The system developed was called "cuneiform", from the Latin "cuneus" meaning "wedge", in reference to the use of a wedge-shaped stylus to print signs on moist clay tablets.
Below is a replica of a tablet featuring cuneiform writing. To create these inscriptions, scribes used a reed stylus to press wedge-shaped marks into wet clay.
This tablet appears to be a genuine Sumerian artifact, featuring a small cuneiform inscription in the center. The surrounding marks are impressions made by rolling a cylinder seal, an object which will be examined next.
These impressions with small figures served as signatures during a period when literacy was restricted to a skilled class of scribes.
Pictured below is the cylinder seal mentioned above: a small stone cylinder engraved with specific shapes.
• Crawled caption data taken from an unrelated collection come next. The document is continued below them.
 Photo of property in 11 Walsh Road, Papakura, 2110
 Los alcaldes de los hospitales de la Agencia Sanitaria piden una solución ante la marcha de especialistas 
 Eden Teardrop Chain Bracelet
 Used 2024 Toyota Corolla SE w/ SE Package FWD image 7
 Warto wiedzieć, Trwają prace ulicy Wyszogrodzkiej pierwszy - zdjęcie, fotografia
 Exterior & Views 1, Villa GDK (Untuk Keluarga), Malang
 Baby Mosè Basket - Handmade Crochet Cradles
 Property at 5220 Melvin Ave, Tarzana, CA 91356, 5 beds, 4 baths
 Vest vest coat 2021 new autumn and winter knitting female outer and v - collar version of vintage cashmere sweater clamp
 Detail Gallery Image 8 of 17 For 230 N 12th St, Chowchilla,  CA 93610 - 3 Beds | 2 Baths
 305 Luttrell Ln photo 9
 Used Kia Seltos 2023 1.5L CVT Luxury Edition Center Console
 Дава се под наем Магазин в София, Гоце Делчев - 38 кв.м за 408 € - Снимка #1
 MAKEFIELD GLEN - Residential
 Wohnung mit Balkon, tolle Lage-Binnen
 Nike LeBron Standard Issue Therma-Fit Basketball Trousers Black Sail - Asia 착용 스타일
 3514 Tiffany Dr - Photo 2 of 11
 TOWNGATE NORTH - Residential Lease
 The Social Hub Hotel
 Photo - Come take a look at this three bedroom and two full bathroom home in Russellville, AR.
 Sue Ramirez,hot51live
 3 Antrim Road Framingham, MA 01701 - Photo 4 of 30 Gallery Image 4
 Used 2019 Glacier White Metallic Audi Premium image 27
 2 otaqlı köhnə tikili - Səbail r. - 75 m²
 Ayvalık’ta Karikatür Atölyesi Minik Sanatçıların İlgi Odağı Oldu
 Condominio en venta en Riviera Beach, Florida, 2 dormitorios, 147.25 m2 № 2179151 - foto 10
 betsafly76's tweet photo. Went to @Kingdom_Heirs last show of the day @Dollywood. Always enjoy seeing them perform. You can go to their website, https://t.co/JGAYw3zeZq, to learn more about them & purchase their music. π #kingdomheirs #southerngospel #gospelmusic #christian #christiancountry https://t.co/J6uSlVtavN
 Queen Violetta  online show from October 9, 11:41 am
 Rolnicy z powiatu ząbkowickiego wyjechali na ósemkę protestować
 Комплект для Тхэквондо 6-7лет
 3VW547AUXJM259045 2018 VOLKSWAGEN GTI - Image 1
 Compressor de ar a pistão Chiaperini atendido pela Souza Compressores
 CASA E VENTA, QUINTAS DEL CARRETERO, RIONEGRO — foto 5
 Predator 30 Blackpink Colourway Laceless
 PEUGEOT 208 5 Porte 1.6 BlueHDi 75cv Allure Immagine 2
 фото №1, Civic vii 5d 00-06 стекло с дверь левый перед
It was rolled across wet clay to imprint a signature, thereby identifying the author of a document or indicating the authority under which it was composed.
Scribes of the period used their wedge-shaped stylus to impress signs onto wet tablets.
It is important to distinguish between a language and a writing system. Cuneiform is a script—a method for visually representing a spoken language—not a language itself.

The evolution and the uses of writing

During its first centuries of existence, this script remained limited, serving essentially as a mnemonic system for recording quantities, lists of agricultural goods, and equipment. Only gradually did it become capable of phonetically rendering names and complete sentences.
Initially, names could not be expressed because the script was pictographic, representing objects like an ox or wheat. Over time, these pictograms evolved into a more developed form of script, allowing for the representation of names and complex concepts.
This was achieved through the rebus principle: a sign for an object (e.g., a drawing of water) could be used for its phonetic value to write a word that sounded similar (e.g., a name), allowing scribes to construct words phonetically.
Concurrently, the pictograms themselves were stylized. The drawing of an ox's head, for instance, was progressively simplified into a series of abstract wedge-shaped marks. Scholars believe that this abstraction was a practical adaptation to the medium; holding a wet clay tablet in one hand and writing with a stylus made angular, incised marks more efficient to produce than curved drawings.
Even in their abstract form, the pictographic origins of many signs remain discernible, and they are characteristically inclined due to the writing technique.
Throughout its three millennia of use, cuneiform writing primarily served to maintain economic and administrative records. However, the inhabitants of Mesopotamia soon developed a deep-seated desire to preserve everything that deserved to stand the test of time in a written form. Thus, stories, legends and songs, hitherto transmitted orally by itinerant musicians, were immortalized in writing, often copied by scribes in training. They copied texts that already existed, mainly legends or texts that held a certain cultural value.
An important example is the Gilgamesh Epic, which tells the story of a historical king of the Sumerian city-state of Uruk who likely reigned around 2900-2350 BC.
This form of writing, which was both an economic management tool and a cultural vector, lasted until the 1st century AD, before disappearing for good, leaving behind a precious testimony to the civilization that saw its birth.